<<<<

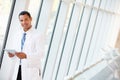 Doctor Using Digital Tablet In Corridor Of Modern Hospital Royalty Free Stock Photo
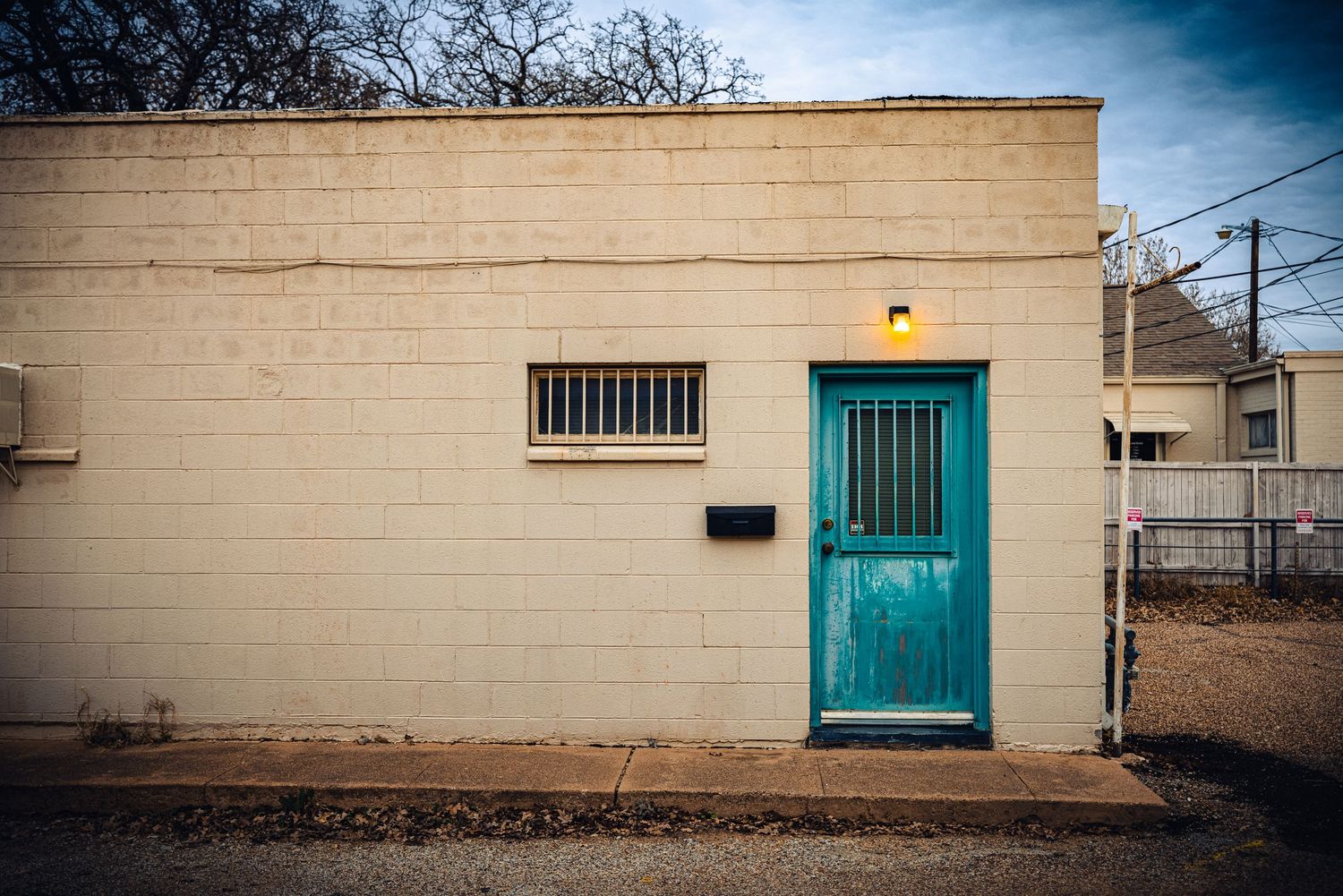 Simple white building exterior with turquoise door and barred window.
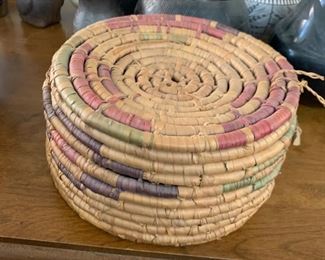 I love the purples in this lidded sweet grass basket.  Plus a lid is always good so people can't see what you hide in there.  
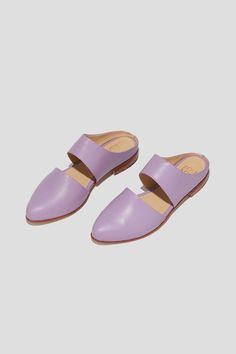 The mule is ZX’s perennial flat, inspired by traditional babouche slippers. With its sleek cut-out upper and almond shaped toe, this style makes feeling comfortable and pulled-together an easy task for days filled with lots of activity. This pair is crafted from vibrant lilac kidskin. Style yours with statement pants for a chic party look. Who it’s for: The woman with refined style who likes to go places by foot. Kidskin leather upper and undyed vegetable-tanned leather lining. Leather sole and stacked heel. Handmade in Argentina. Chic Spring Slides With Rubber Sole, Chic Slides With Rubber Sole For Spring, Chic Slides With Rubber Sole, Modern Clogs With Flat Heel For Spring, Modern Closed Toe Slides For Spring, Chic Slippers With Rubber Sole And Flat Heel, Modern Closed Toe Mules For Spring, Spring Slip-on Pointed Toe Clogs, Slip-on Pointed Toe Clogs For Spring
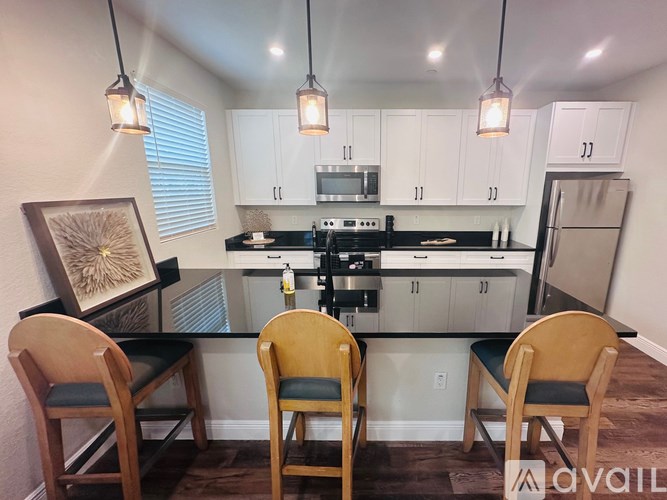 A kitchen with white cabinets and a black countertop with a framed picture on the left.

>>>>

WORK INSTRUCTION:
Exactly and only the lines from the one holding "I love the purples" through the final line of the material must be returned, both ends included, without any pictures.

SOLVED PROBLEM:
 I love the purples in this lidded sweet grass basket.  Plus a lid is always good so people can't see what you hide in there.  
 The mule is ZX’s perennial flat, inspired by traditional babouche slippers. With its sleek cut-out upper and almond shaped toe, this style makes feeling comfortable and pulled-together an easy task for days filled with lots of activity. This pair is crafted from vibrant lilac kidskin. Style yours with statement pants for a chic party look. Who it’s for: The woman with refined style who likes to go places by foot. Kidskin leather upper and undyed vegetable-tanned leather lining. Leather sole and stacked heel. Handmade in Argentina. Chic Spring Slides With Rubber Sole, Chic Slides With Rubber Sole For Spring, Chic Slides With Rubber Sole, Modern Clogs With Flat Heel For Spring, Modern Closed Toe Slides For Spring, Chic Slippers With Rubber Sole And Flat Heel, Modern Closed Toe Mules For Spring, Spring Slip-on Pointed Toe Clogs, Slip-on Pointed Toe Clogs For Spring
 A kitchen with white cabinets and a black countertop with a framed picture on the left.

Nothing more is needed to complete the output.